Anthony D. Harris, JAMA. 2013;310(15):1571-1580
Porter systématiquement des gants et tabliers à l’entrée dans les chambres de réanimation. Idée intéressante ou farfelue ? L’équipe BUGG (Benefits of Universal Glove and Gown) a été créée pour établir un rationnel en partant de deux constats. Tout d’abord les précautions contact du CDC recommandent le port de gant et de tablier alors que les patients porteurs de BMR ne sont pas toujours identifiés. Ensuite, malgré de gros effort ces dernières années, l’observance de l’hygiène des mains reste faible.
Cette équipe a donc mené une étude randomisée en cluster avec un bras comportant 10 réanimations mettant en œuvre des précautions contact avec port de gant et de tablier systématique pour tous les patients et un second bras avec 10 réanimations ne mettant en place des précautions contact que pour les patients identifiés porteurs de BMR. Les acquisitions de SARM et d’ERV étaient les critères d’évaluation de l’étude.
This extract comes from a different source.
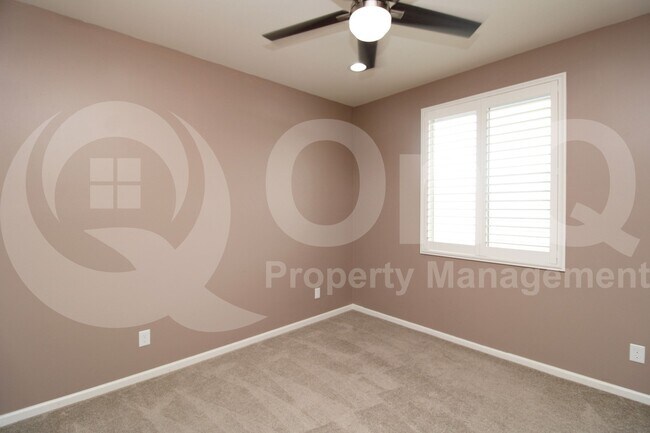 Building Photo - 3080 S Jasmine Dr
Le port de gant et de tablier systématique n’avait pas d’impact sur l’acquisition des SARM+ERV considérés comme un indicateur composite. En revanche, lors de l’analyse des taux d’acquisition des microorganismes pris séparément, ces mesures réduisaient les SARM et pas les ERV. Ces différences de taux d’acquisition peuvent s’expliquer par les variations concernant : des modes de transmissions (environnement), l’impact des antibiotiques, la notion de sensibilité des tests avec des porteurs d’ERV non identifiés à l’admission, la notion d’endémicité des réanimations inclus dans le bras intervention. Bref, de nombreux biais potentiel, souvent présents dans ce genre d’étude qui ont néanmoins l’intérêt d’exister. Une autre observation intéressante : le port de gant et de tablier a provoqué une moindre visite des patients par les personnels (sans augmentation des évènements indésirables) ainsi qu’une observance accrue de l’hygiène des mains à la sortie de la chambre.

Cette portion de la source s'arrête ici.